Certainly not gonna happen in conjunction with the merger or ahead of the merger. That's, that's not something we're contemplating. We do believe that there is an opportunity. If you've ever been involved in an IPO, you know that investment bankers spend a great deal of time with their clients targeting or figuring out what is the best initial price.
It's some of the same dimensions of consideration in terms of capital markets that go into this conversation. What I will say in the near term is we haven't had the conversations with our board. We do understand some of the capital markets dynamics.
You know, if it happened, it would be thoughtful and would be targeted toward a, you know, a price that might be in the middle of a family of our closest peers in terms of our North American E&P community. You could almost guess at, you know, what that value might be. But again, we have no formal plans to do so.
Okay. Thanks, Eric. Last question for today's call. Your thoughts on crude marketing and the WCS-WTI differential?
You know, it has been encouraging to see the WCS-WTI basis differential compress. It has come in some in the last couple of months and even quarter. Q1 actually didn't show it because You know, some of what was happening was after the formal, you know, closing or end of the formal calendar Q1.

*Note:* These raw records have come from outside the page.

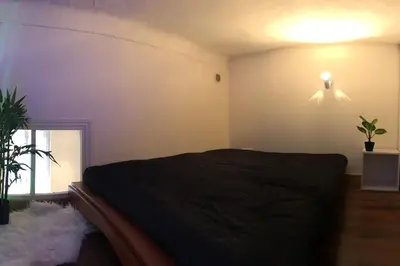 a bedroom with a bed and a ceiling fan at Centre ville 10 min de la Croisette/Downtown in Cannes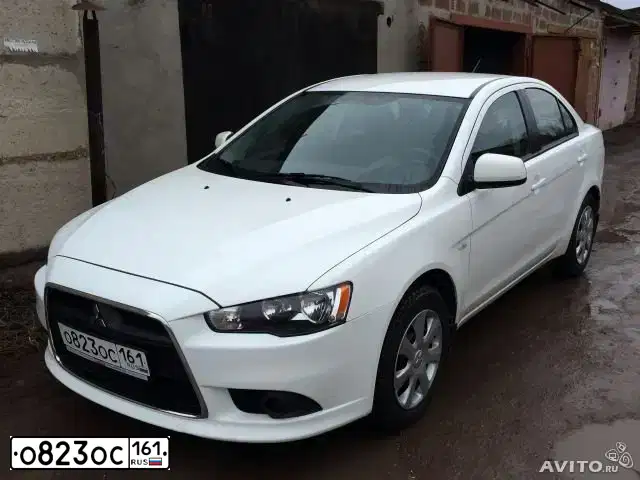 Фото автомобиля MITSUBISHI LANCER, 2012 — госномер Т761КМ116. Цвет: Белый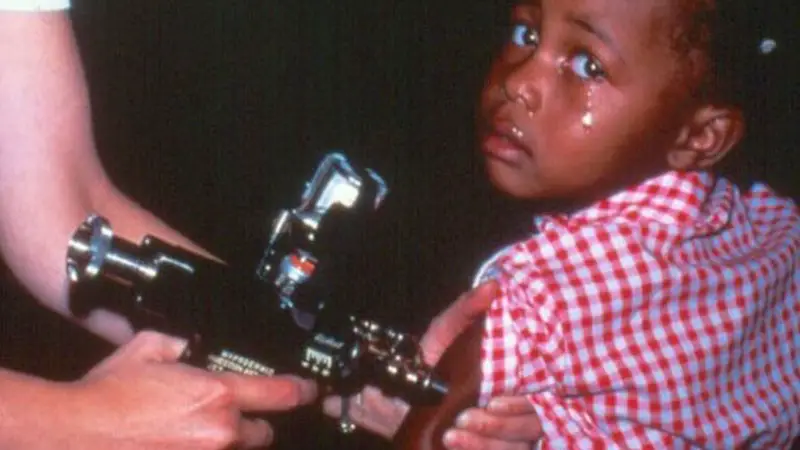 a child crying while getting vaccination shot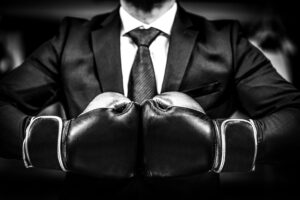 Businessman in a suit wearing boxing gloves prepares to outperform the market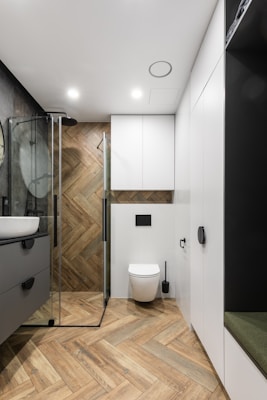 A modern bathroom featuring wooden herringbone-patterned flooring and walls. A sleek glass shower enclosure with black fixtures sits next to a wall-mounted toilet. Minimalistic white cabinets offer storage. The room is well-lit with recessed ceiling lights.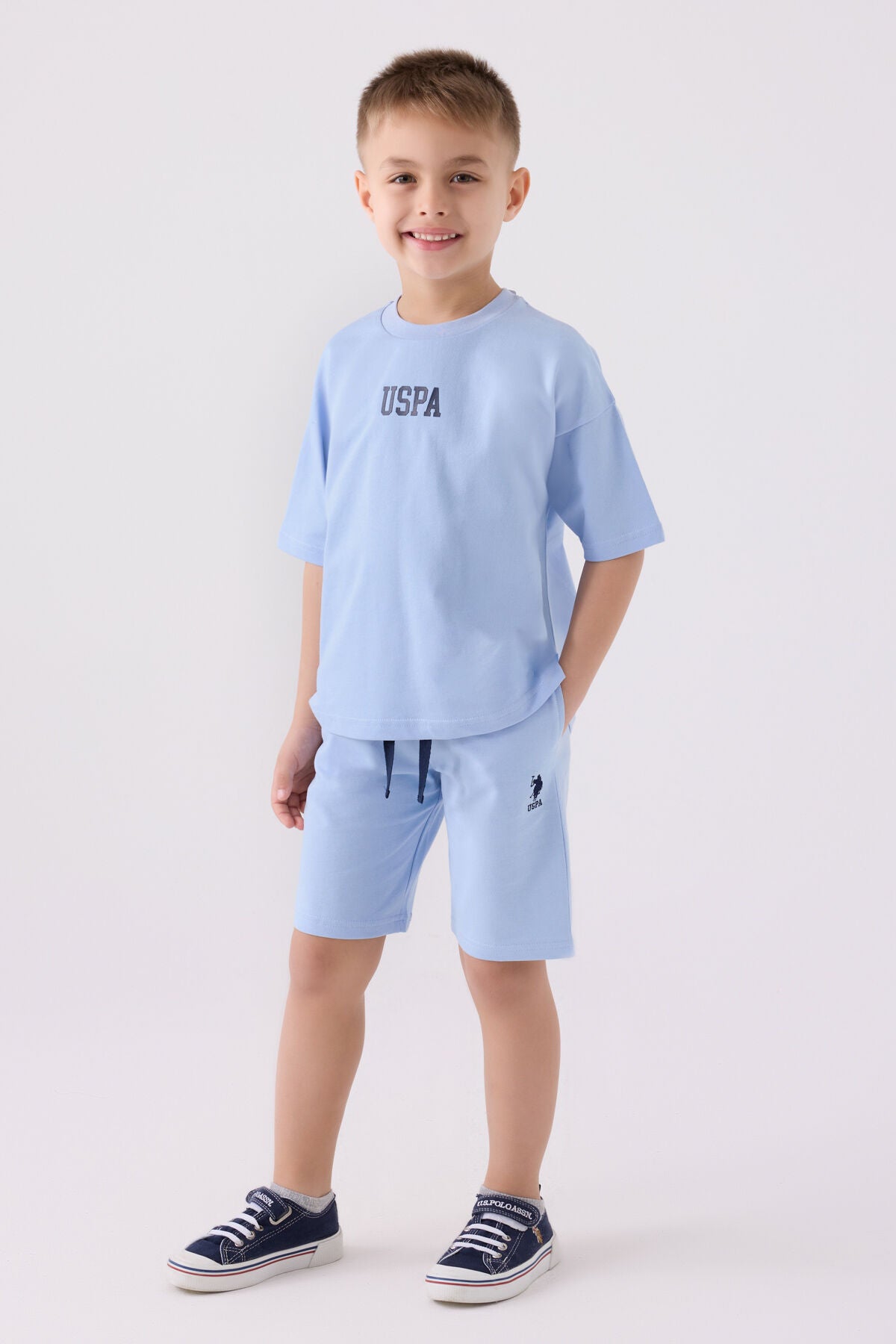 U.S. Polo Assn. Erkek Çocuk Bisiklet Yaka Pigment Baskılı Yazlık Regular Fit Mavi Bermuda Takım US1781-C-V10 Ürün ana görseli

We anticipate Q2 is gonna have a substantially lower basis diff shown you know, in all the numbers. You'll see this in all of our peers who publish data on Q1 with WCS exposure. TMX is gonna help. There's just no question about that. When you add inch miles of egress to, you know, a producing region like WCSB, there's just no question that's gonna help.
We are not an anchor tenant. We don't have firm transport on TMX. But because the egress is increasing out of the basin, we think WCS-WTI diff is probably heading toward the pipeline economics defined by the main line to the Gulf Coast. Pipe economics to the Gulf Coast are in the $10-$12 range. We think that's probably the equilibrium price over time. There'll be opportunities where it dips lower for reasons that are unique in time, and location. We'll try to capture those. But we're definitely, you know, watching the marketplace, watching TMX progress, watching line fill, expect and understand that to be taking place in Q4.
TMX, best we understand it, you know, should be flowing in Q1, Q2. This kinda defines the way we're thinking about it, but we do think it's headed toward pipe economics to the Gulf Coast, and that should define the WCS basis diff over time.
Okay. Great, Eric. Thank you for that. Operator, thank you. Thanks everyone for participating on the phone lines and via the webcast today. This will conclude our first quarter conference call. Have a great day.
Thank you, everyone.
This concludes today's conference call. You may disconnect your lines. Thank you for participating, and have a pleasant day.